The Mississippi River Valley alluvial aquifer (MRVA), a surficial aquifer of the Mississippi Alluvial Plain (MAP), is a major source of groundwater for irrigation in the central United States. Groundwater withdrawals exceed water input in some areas of the MRVA, leading to declining water levels. Recharge is not well constrained and is spatially variable as a result of heterogeneity within depositional environments during the Holocene and Pleistocene epochs. Tritium was used to qualitatively date groundwater as modern, mixed, or premodern, where the presence of tritium indicates a component of modern water (recharged after 1950) in groundwater.

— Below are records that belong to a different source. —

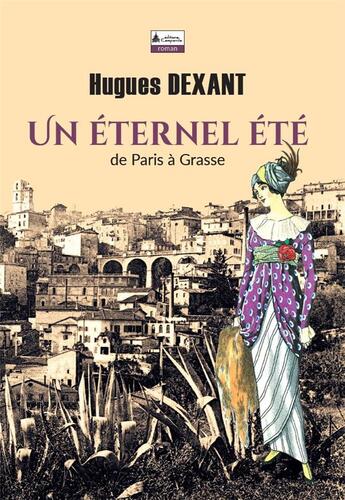 Couverture du livre « Un éternel été » de Hugues Dexant aux éditions Campanile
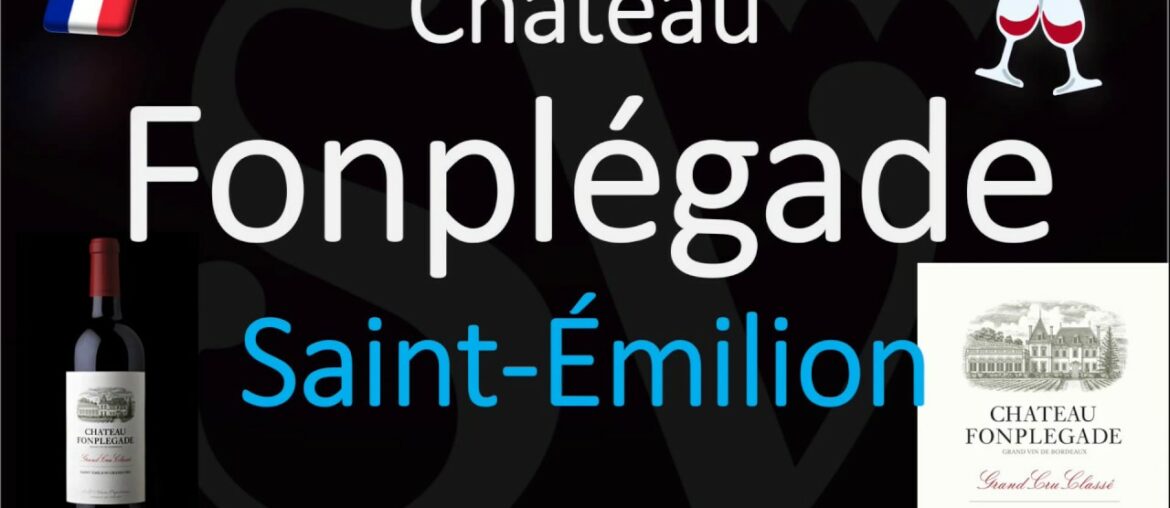 Château Fonplégade? Saint-Émilion Grand Cru French Pronunciation Château Fonplégade? Saint-Émilion Grand Cru French Pronunciation
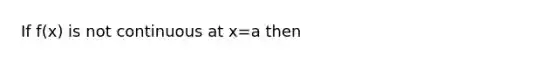 If f(x) is not continuous at x=a then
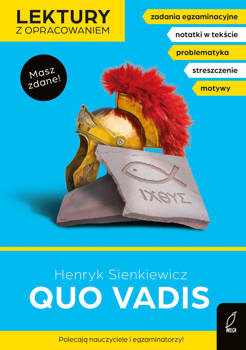 Quo vadis. Lektura z opracowaniem, Henryk Sienkiewicz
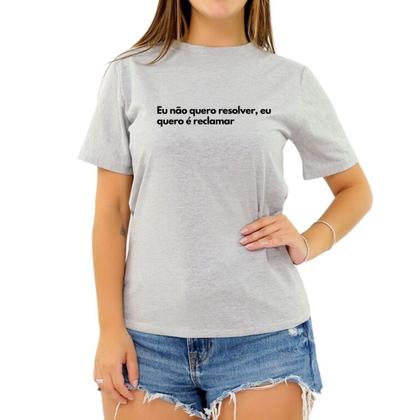 Imagem de Camiseta Frase Eu Não Quero Resolver Quero Reclamar Feminina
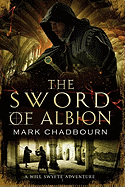 Sword of Albion, The The Sword of Albion Trilogy Book 1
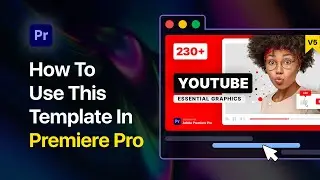 How to use Youtube Essential Library V5 template | Premiere Pro Tutorial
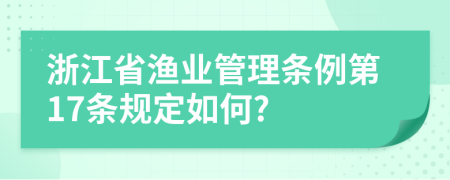 浙江省渔业管理条例第17条规定如何?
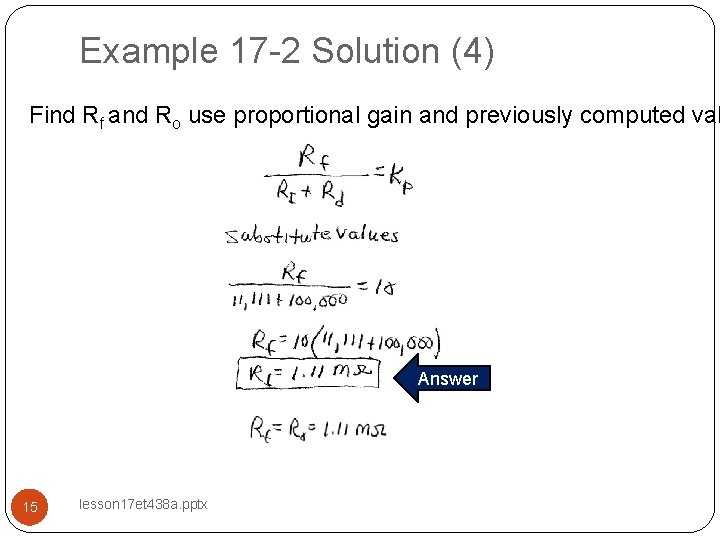 Example 17 -2 Solution (4) Find Rf and Ro use proportional gain and previously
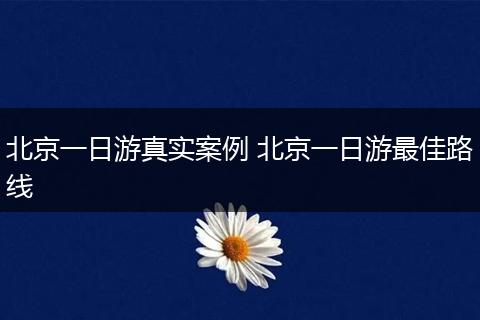 北京一日游真实案例 北京一日游最佳路线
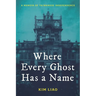 Where Every Ghost Has a Name: A Memoir of Taiwanese Independence
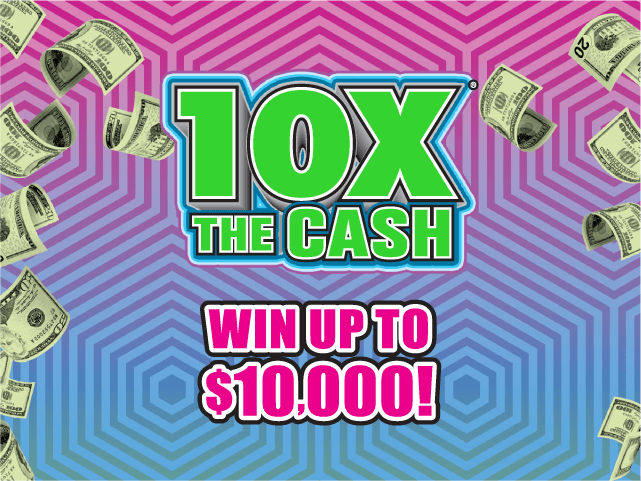 10X® THE CASH scratch-off ticket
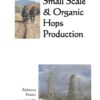 Small Scale Hops Manual - download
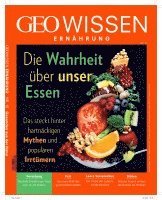 bokomslag GEO Wissen Ernährung / GEO Wissen Ernährung 10/21 - Die Wahrheit über unser Essen
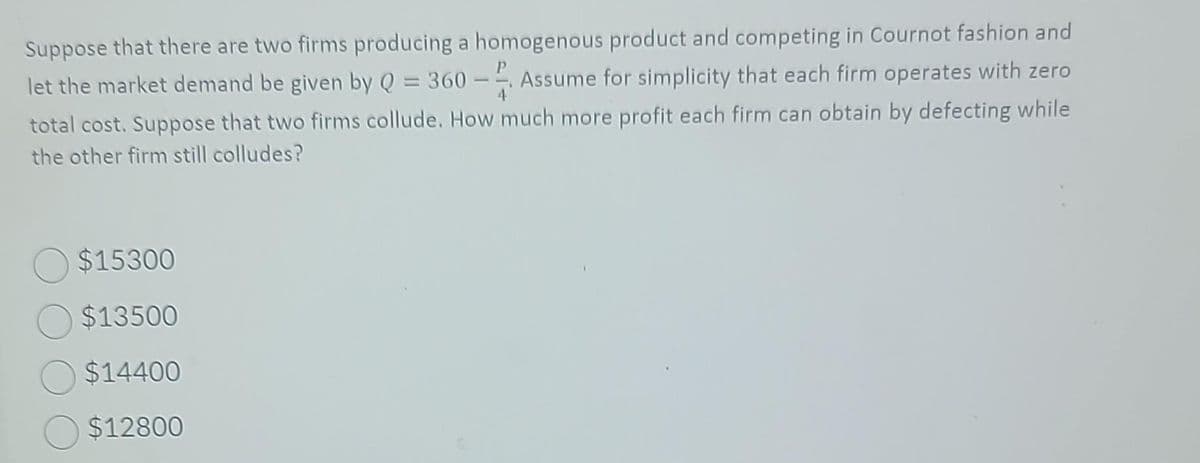 Suppose that there are two firms producing a homogenous product and competing in Cournot fashion and
let the market demand be given by Q = 360 - Assume for simplicity that each firm operates with zero
total cost. Suppose that two firms collude. How much more profit each firm can obtain by defecting while
the other firm still colludes?
$15300
$13500
$14400
$12800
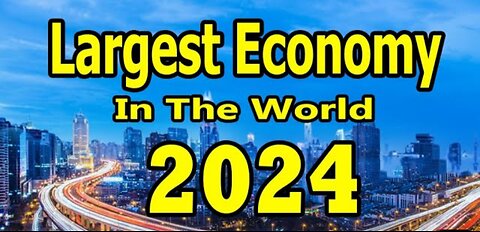 Top 10 Largest Economy In The World 2024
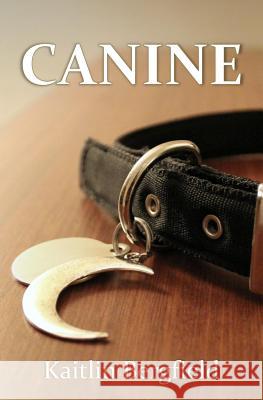 Canine Kaitlin Bergfield 9781512209327 Createspace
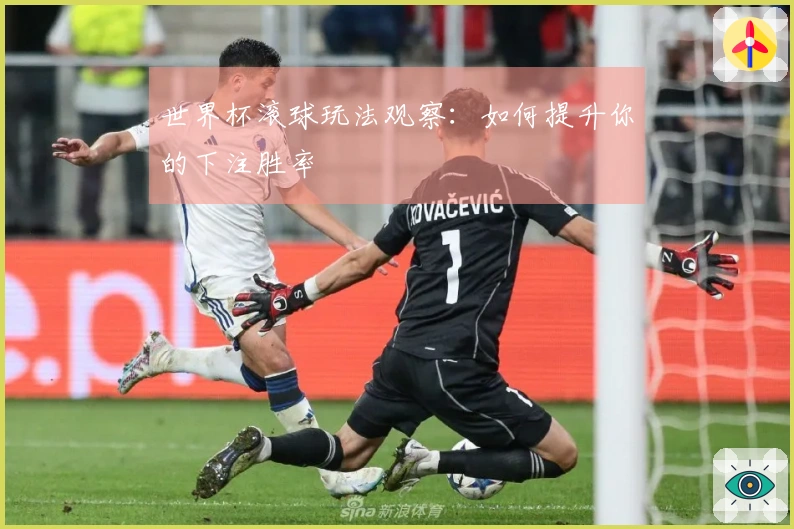 世界杯滚球玩法观察：如何提升你的下注胜率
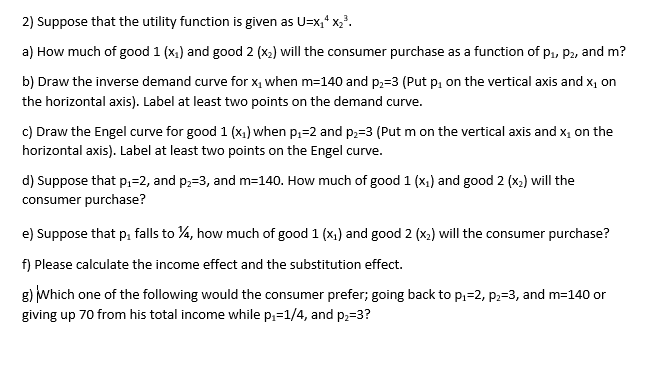 Solved 2 Suppose That The Utility Function Is Given As U Chegg Com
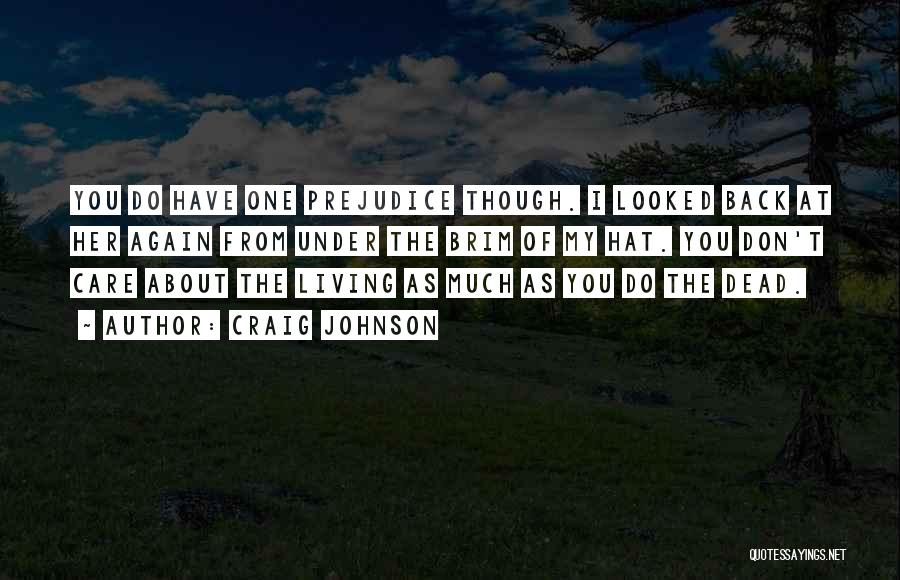 Craig Johnson Quotes: You Do Have One Prejudice Though. I Looked Back At Her Again From Under The Brim Of My Hat. You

Two regional models of recharge—soil water balance (SWB) and empirical water balance (EWB)—were compared to qualitative groundwater age and geomorphology (depositional age and sediment size). Groundwater samples from 156 wells in the MRVA were characterized as primarily modern (41%) and mixed (43%), with 16% being premodern. Within Pleistocene sediments, 10% of samples were premodern compared to 20% for Holocene. These results are consistent with a surficial aquifer, but the premodern water indicates that there are areas where either recharge is limited or other (older) sources of water contribute to the MRVA. SWB recharge ranged from 0 to 37 in/year (median=3.7 in/year) and was lower than EWB recharge which ranged from 0 to 28 in/year (median=3.5 in/year). Both EWB and SWB models had higher recharge in coarse-grained deposits of the Pleistocene and Holocene. Water infiltrates more readily in coarser-grained deposits regardless of depositional age. No statistical difference in SWB recharge rates was observed among relative groundwater age categories, but recharge was significantly higher in the modern grouping for the EWB. Estimates of recharge from the EWB model overall tends to better fit the conceptual model for the MRVA, where more modern water is associated with higher recharge rates through coarse-grained sediments. Higher recharge rates from EWB corresponded to younger groundwater, highlighting that the EWB model, which considers subsurface geology, may better estimate groundwater recharge compared to SWB which models potential recharge from the root zone.